Flores sources all the materials for her Kené by hand, creating dyes from plants found in her immediate environment which are applied to tucuyo, a canvas made from wild cotton. For the black peshtin, the bark from three trees is blended, two of which derive from one river delta and the other from the highlands. Reduced to a brown tincture, the dye is initially applied and then washed off the canvas with a clay solution which transforms and sets the colour to black. Other polychrome dyes are prepared from autochthone flora, including the leaves of the Amí for purple, the fruit of the Achiote for red, and the root of the Guisador for yellow. Here, Kené establishes a direct connection with the land of the Shipibo-Conibo and becomes a way for the spirit of its flora and trees to endure.

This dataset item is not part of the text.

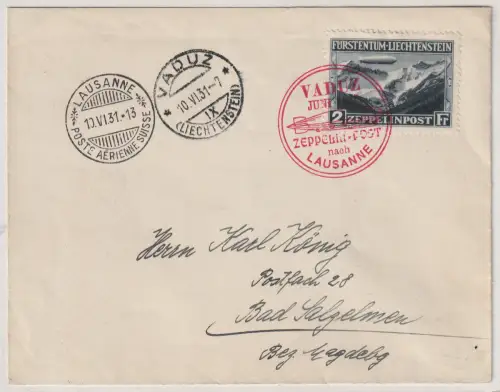 Zeppelin: Fahrt Vaduz - Lausanne, 1931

Functioning as a window onto infinite space, Kené presents the fluid forms and images that inhabit the spiritual world using knowledge passed down through the matriarchal line, from one generation to the next. From a young age, Flores was trained in the art of Kené by her mother and her role now exemplifies the term of joni-ati or ‘person making’ in the Shipibo-Conibo community where she is assisted by her daughters. Flores explains that in her process ‘the hand goes by itself, and inspiration emerges.’ Masterfully consolidating the two main powers of Kené: menin and shinan, her work combines mature skill with intuitive expression and unfathomable visionary imagination. ‘Menin, the technical aspect, can be learned’ she explains, ‘Shinan, the visionary aspect, cannot. You either have shinan, or you don’t.’ Always drawn by hand, in free-form without the use of rulers or preparatory studies, her Kené start with a few strokes and soon elaborate intuitively, akin to the process of automatic writing.

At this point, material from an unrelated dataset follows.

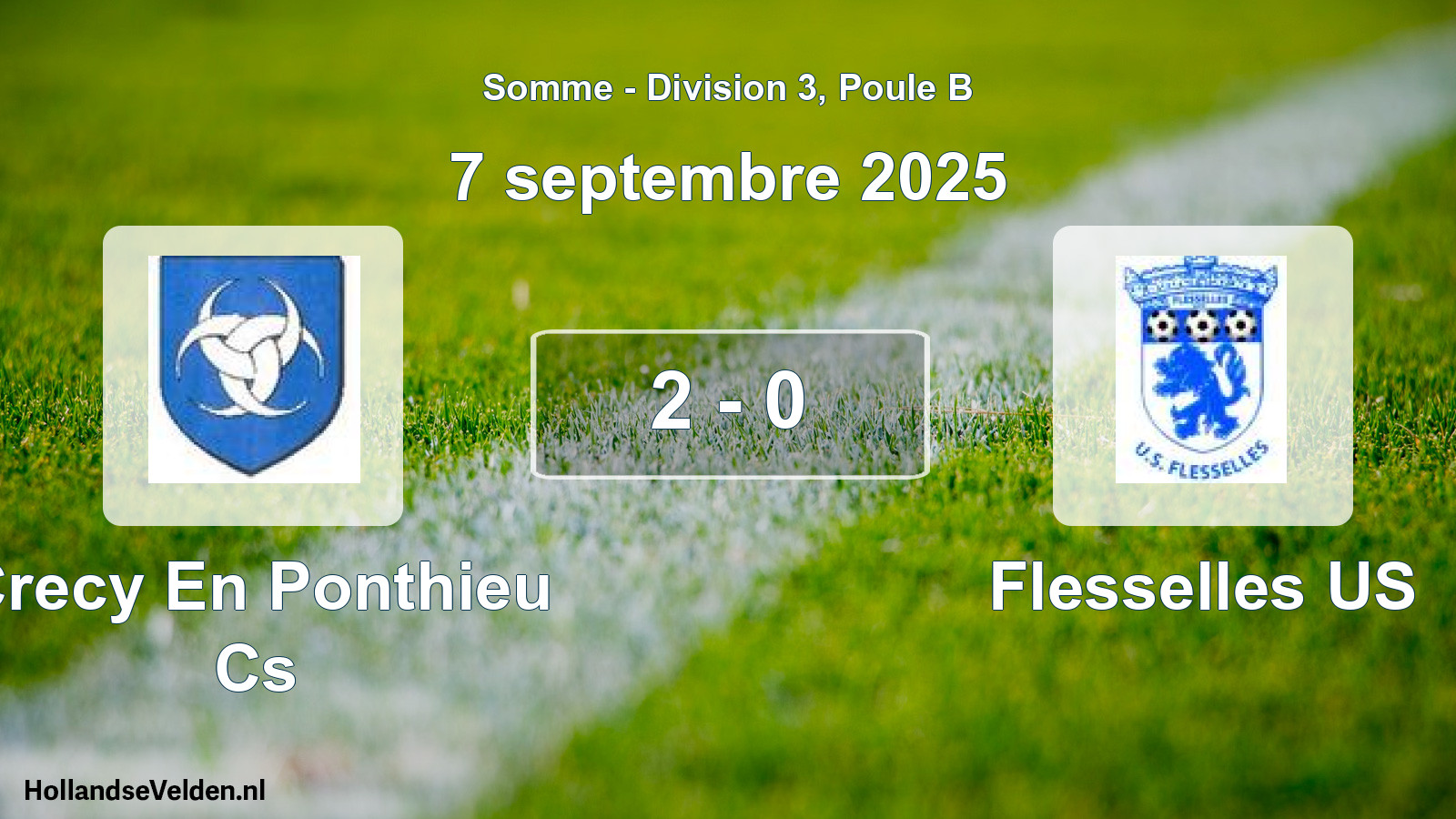 Total number of matches played: Crecy En Ponthieu Cs - Flesselles US 2 - 0 (7 September 2025)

Kené was declared part of the National Cultural Heritage of Peru in 2008. An emblem of artistic resistance, Kené asserts the Shipibo-Conibo People’s defiance of colonial forces that have resulted in ecological destruction and environmental pollution. Flores’ enigmatic work articulates Indigenous ethics and the urgent need for ecological conservation while demonstrating the transformative potential of artistic creation.

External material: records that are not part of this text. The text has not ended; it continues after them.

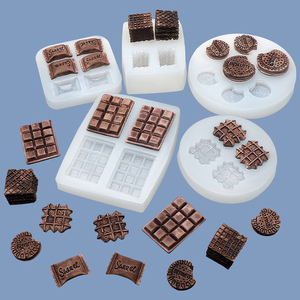 Yeni DIY çikolatalı kurabiye kalıbı bisküvi silikon kalıp DIY Waffle pişirme kalıp el yapımı sabun mum kalıp fondan kek pişirme araçları - Product Image 4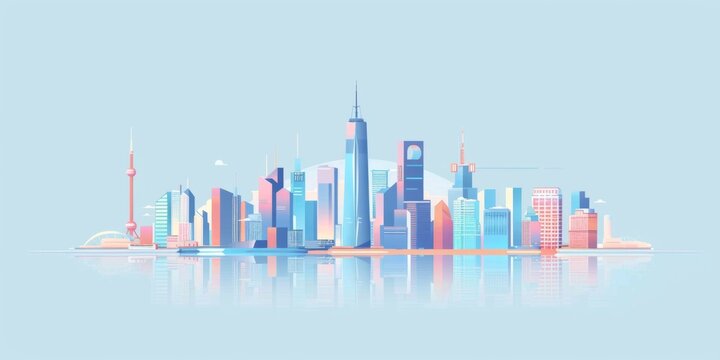 cityscape with buildings and skyscrapers, using simple shapes and lines minimalistic design uses pastel colors on a light blue background Generative AI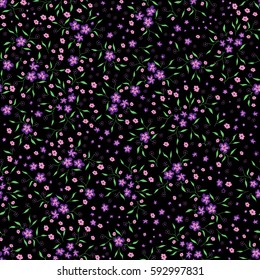 Ditsy Seamless Pattern in Country Style. Tiny Bright Flowers on Black Background. Dark Floral Pattern for Textile, Fabric, Calico, Print. High Coverage Ornament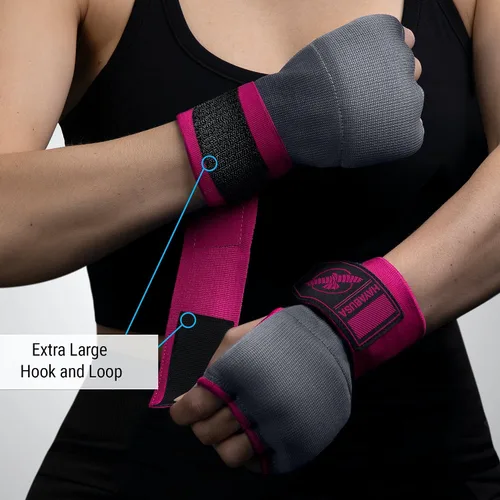 Miniatura 3 de Hayabusa Guantes de mano de gel rápido para boxeo Gris/rosado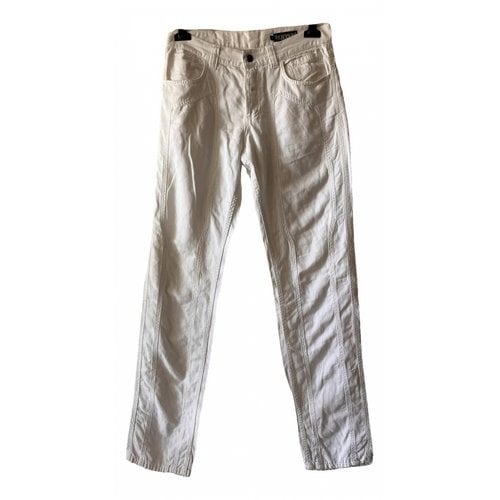 Pre-owned Jeckerson Straight Pants In White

This exhibition is a collaboration with the Shipibo-Conibo Center, New York. The Center is an art project in the form of a nonprofit organisation that works alongside Indigenous leadership in the Amazon toward Shipibo self-determination and territorial sovereignty in a sustainable future.
Sara Flores (b.1950) lives and works in Peru, and is part of the Shipibo-Conibo, an Indigenous people spread out alongside the Ucayali River.
Selected recent solo exhibitions include: White Cube Paris (2023); CLEARING, New York (2023); CLEARING, New York (2022); White Cube Online (2021); and Outsider Art Fair, New York (2020). Selected group exhibitions include: Musée du Quai Branly-Jacques Chirac, Paris (2023); Para Site, Hong Kong (2023); El Museo del Barrio, New York (2023); Museum Voorlinden, Wassenaar, Netherlands (2023); Inca Garcilaso Cultural Center of the Ministry of Foreign Affairs of Peru and MAC Museum of Contemporary Art of Lima, Peru (2022); Sala Luis Miró Quesada Garland, Miraflores, Lima (2021); Drawing Lab, Centre d’art privé dédié au dessin contemporain, Paris (2020); and Austrian Cultural Forum, New York (2018).
Sara Flores’ work is currently included in Shamanic Journeys. Ayahuasca Arts in Peruvian Amazonia, Museé du Quai Branly-Jacques Chirac, Paris, 14 November 2023 - 26 May 2024.